(Exercise goal) Only the lines from the one containing "Zur Begrüßung überreichte" through the last line below belong in your copy; transcribe them exactly and omit any pictures.

(Recorded data)
---
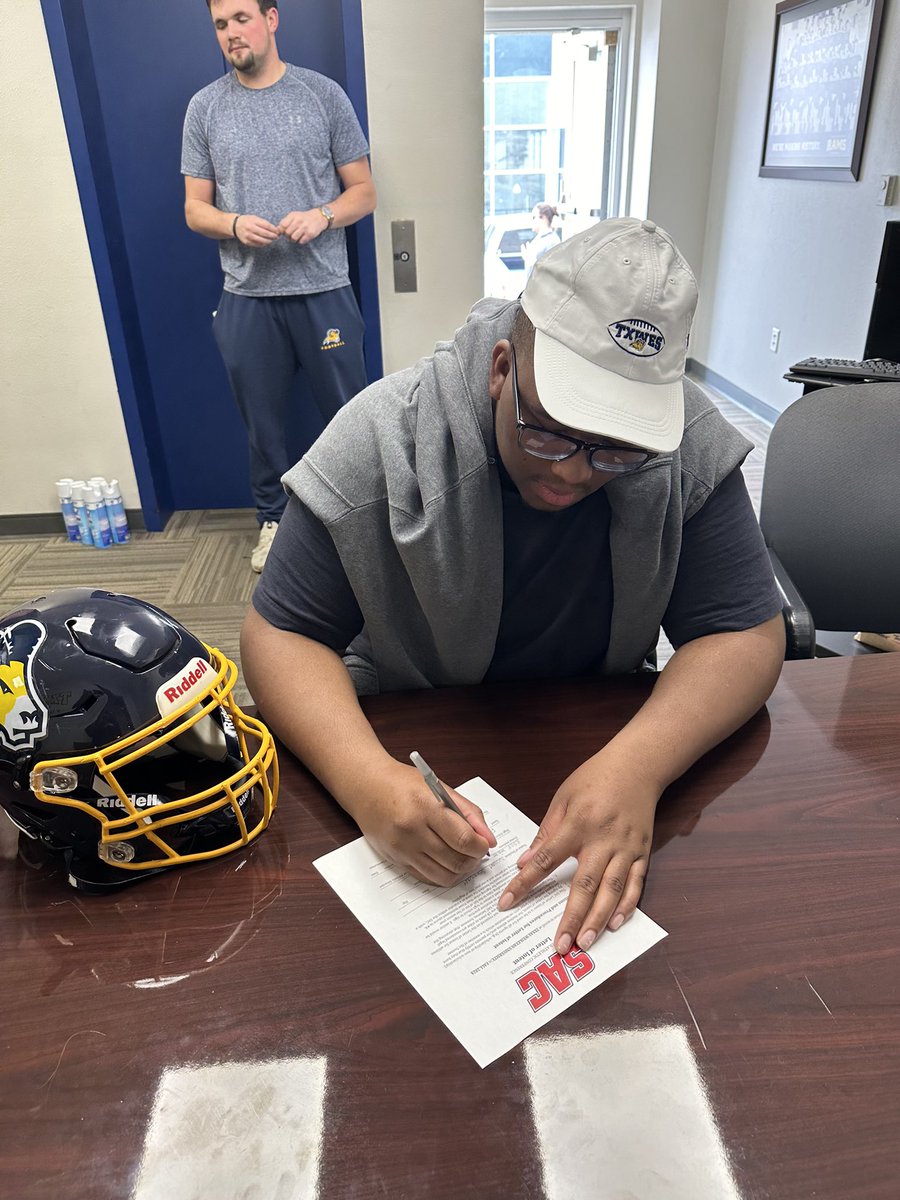 grace_prep's tweet photo. Congratulations to Nolan Johnson signing with Texas Wesleyen!! Getting a great one! @TXPrivateFBGuy @THEMANNYBLAST @JonVanCleave @TrenchUDFW https://t.co/8DP1H8SpGg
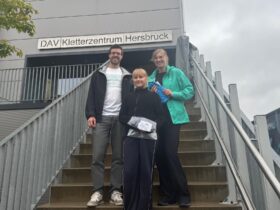 Zur Begrüßung überreichte Johannes Dischner die neuen Mitgliedsausweise, Präsente und ein beitragsfreies Jahr.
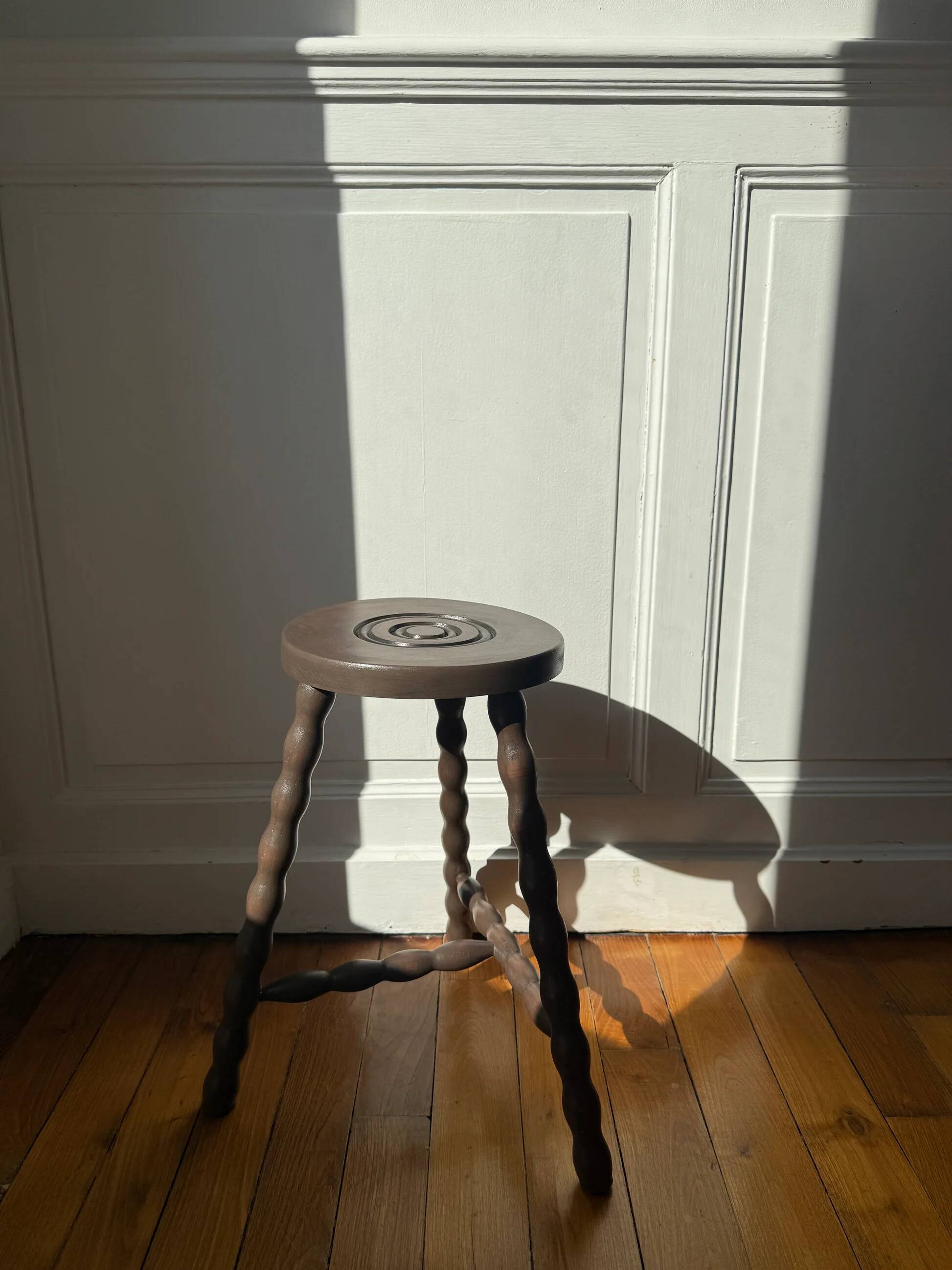 Tabouret tripode en bois tourné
---
(Expected answer)
 Zur Begrüßung überreichte Johannes Dischner die neuen Mitgliedsausweise, Präsente und ein beitragsfreies Jahr.
 Tabouret tripode en bois tourné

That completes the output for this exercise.